49年前 選手村の料理人、中島さん五輪に思いはせ
update 2013/10/14 10:04
14日は「体育の日」。1964(昭和39)年の東京五輪開催を記念して制定された(当時は10日)。49年前、東京五輪選手村の料理人として、道南から唯一派遣された函館市の飲食サービス会社経営、中島一さん(72)は「調理、保存に不便だった時代。あの時の苦労が人生の励みになった」と思いをはせ、2020年の東京五輪の観戦を楽しみにする。
中島さんは1956(昭和31)年、旧亀田町の桐花中学校を卒業後、市内松風町にあったレストラン「館」に洋食料理人として働き始めた。東京の名店・精養軒に勤務し、宮内庁御用達の経験を持つ橋本源丸さんに師事。厳しい指導を受けて腕を上げた。橋本さんは1年で他界したが、中島さんは持ち前の研究熱心さで技術を磨き、全日本司厨(しちゅう)士協会函館支部から推薦を受け、派遣が決まった。
北海道から派遣された23人中、当時23歳だった中島さんは最年少だった。札幌市内で日の丸がついた委嘱状を受けた時、「橋本さんとの1年があったおかげ。選手と同じぐらい頑張って五輪成功に一役買う」と決意した。
約3カ月前から仕込み作業に入った。ソースやマヨネーズなどの調味料も手作りで、作り置きが大変だった。海外で野菜不作だったため、国内から集めた。トマトは青かったものを温めて赤くするという苦労もあった。今のように便利な調理器具はなく、900人分のジャガイモの皮むきなど、連日午前4時から午後10時まで働いた。
配属されたのは女子選手村。各選手村の料理は、帝国ホテルの総料理長を務めた村上信夫さんの意見で導入されたビュッフェ形式で提供されたため、各料理の追加作業もこなした。規定で選手との接触は禁止されていたが、大柄な選手の食事量に驚いた。約2カ月間、厨房とフロアを行き来し、競技を見る余裕は無かった。「関係者から選手がおいしいと言っていたことを聞き、励みになった。国際紛争が落ち着いたころで、食べ物が少ない国から来た選手もいた時代だった」と振り返る。
五輪後は函館市内のレストランなどで勤務、80年に独立。居酒屋や函館市役所、千歳市内の企業で食堂を経営。1日の睡眠が3時間という時もあった。「五輪は自分も選手も頑張った。今も自分が頑張らなければ」との思いで働いた。

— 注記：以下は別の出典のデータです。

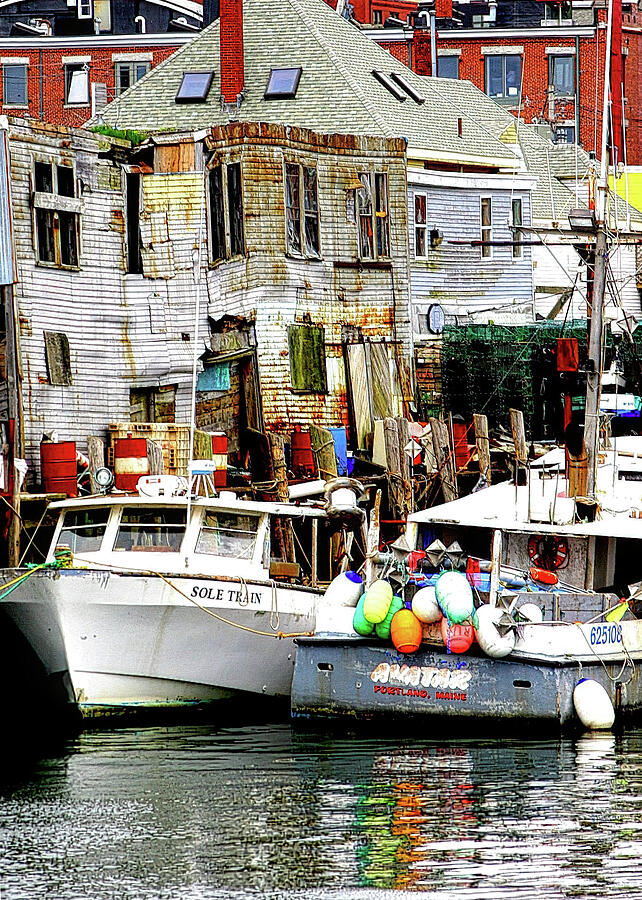 Docks Of Portland Maine Photograph By Scott Loring Davis - Pixels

村上さんや、道内から東京五輪に派遣された仲間の半数以上は他界している。「20年の東京五輪開催決定が早ければ、みんなが喜んでいた思う。次の五輪に向け、日本の景気は良くなるだろうし、国民はわくわくしていると思う」と目を細め、「次は競技をゆっくり見たい。日本頑張れ」と笑顔を見せた。